Völkermord beginnt mit abschätzigen Kollektivbildern
Herr Kreis, was ist das Besondere am Genozid an den Armeniern?
Das Besondere besteht darin, dass es ein modernes Verbrechen war. Es wurde mit modernen Mitteln in einer breiteren Öffentlichkeit ausgeführt. Man deportierte die Armenier in Eisenbahnwagen zur Vernichtung und organisierte diese auch mithilfe des Telegrafen Besonders ist auch, dass es Überlebende gibt, die sich schon in der Zeit selber und auch noch nach hundert Jahren gegen das Vergessen wehren. Der Genozid an den Armeniern ist sozusagen ein Bindeglied zum Genozid an den Juden. Die Erinnerung an den Holocaust bezieht sich auf den Vorläuferfall der Armenier, auch wenn man in der Vernichtung der europäischen Juden einen historisch einmaligen Vorgang sieht.
Hatte die Vernichtung der Armenier religiöse Gründe?
Die religiöse Dimension ist nur eine. Damals hatte die Abgrenzung über die Religion nicht den Stellenwert von heute. Der Genozid gilt einem ganzen Volk. Genos im Griechischen für «verwandte Gemeinschaft» meint nicht nur die Religion, die ja nicht rein volksgebunden ist. Es geht dabei um den Volksbegriff, wie man sich selber definiert. Es herrschte bei den Armeniern wie bei ihren Verfolgern eine ethnische Vorstellung von sich selber. Hinzu kam als entscheidender Punkt, dass das Osmanische Reich die Armenier als innere Feinde sah, denen man vorwarf, mit Russland zu kooperieren.
Welche Bedeutung kommt dem Genozid an den Armeniern in der modernen Geschichte zu?
Es ist ein wichtiger Referenzpunkt, an dem die Frage, was Genozid ist, verhandelt wird. Da geht es nicht nur um die Vorgänge an sich, sondern um politische Benutzung von Geschichte. So wollte Grossbritannien 1919 die osmanische Regierung für dieses Verbrechen zur Rechenschaft ziehen. Weil es aber weltpolitisch nicht mehr opportun erschien, liess man es bleiben. Atatürk, der Begründer der modernen Türkei, befürwortete anfänglich die Bestrafung. Doch auch er verlor aus politischen Gründen das Interesse daran.

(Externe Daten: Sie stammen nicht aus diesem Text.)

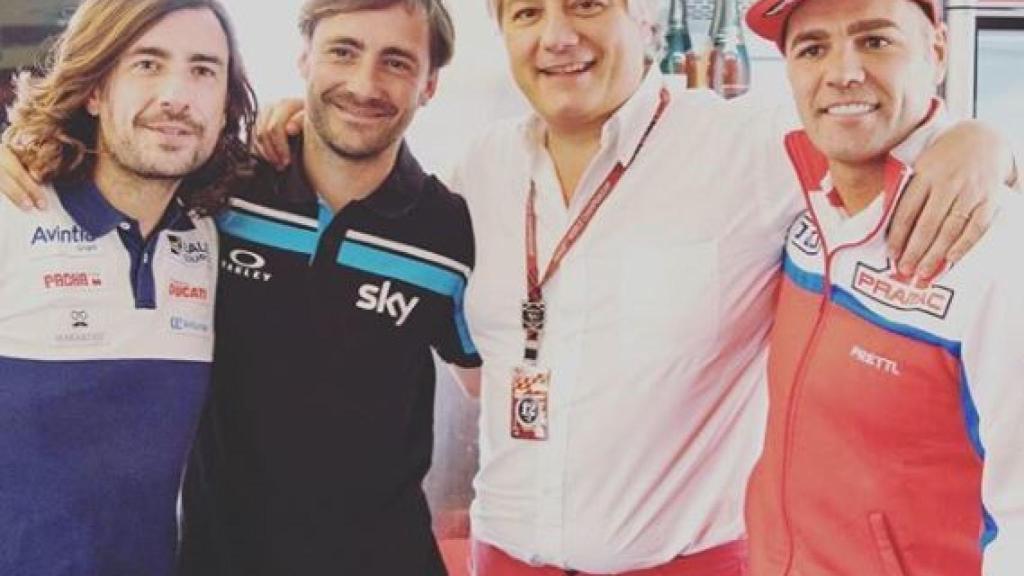 Fonsi Nieto con sus primos.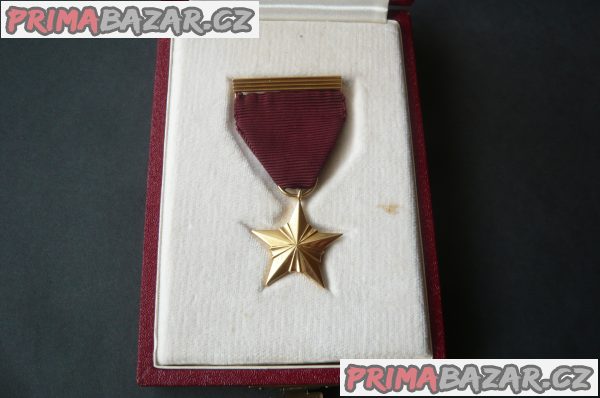 KOUPÍM zlaté a stříbrné mince, bankovky, medaile, řády a vyznamenání, staré pohledy a odznaky, po dohodě koupím i celou sbírku, ihned zaplatím, příp. – fotografie 2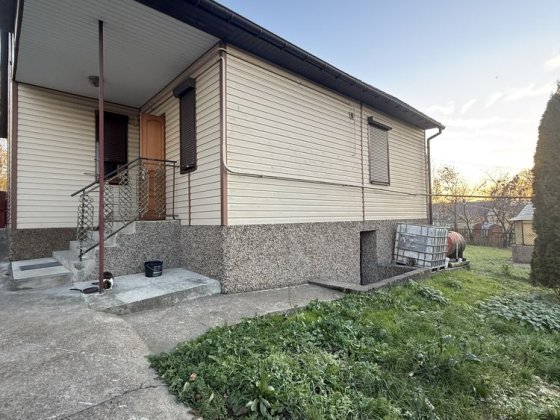 Оренда ОКРЕМОГО 2кімн. БУДИНКУ, АЛЕКСАНДРі (САДГОРА), свій ДВіР, котел Чернівці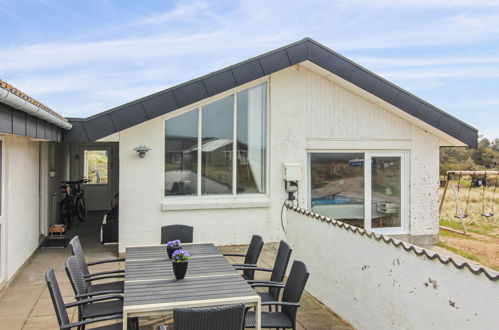 Foto 32 - Casa de 3 habitaciones en Løkken con piscina privada y terraza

Wie kann man Völkermorde verhindern?
Das mag eine wichtige Frage sein, wenn man an die Gefährdung ganzer menschlicher Kulturen denkt. Dieses Denken riskiert zu übersehen, dass auch Verbrechen in «kleinerer» Zahl Verbrechen sind. Es macht für die direkt Betroffenen nur bedingt einen Unterschied aus, wie viele Mitbetroffene es gibt. Aber um die Frage zu beantworten: Das Verhindern von Völkermorden beginnt mit dem Kampf gegen abschätzige Kollektivbilder.
Georg Kreis, emeritierter Professor für Neuere Allgemeine Geschichte und Geschichte der Schweiz, Universität Basel, war bis 2011 Leiter des Europa-Instituts und Präsident der Eidgenössischen Kommission gegen Rassismus.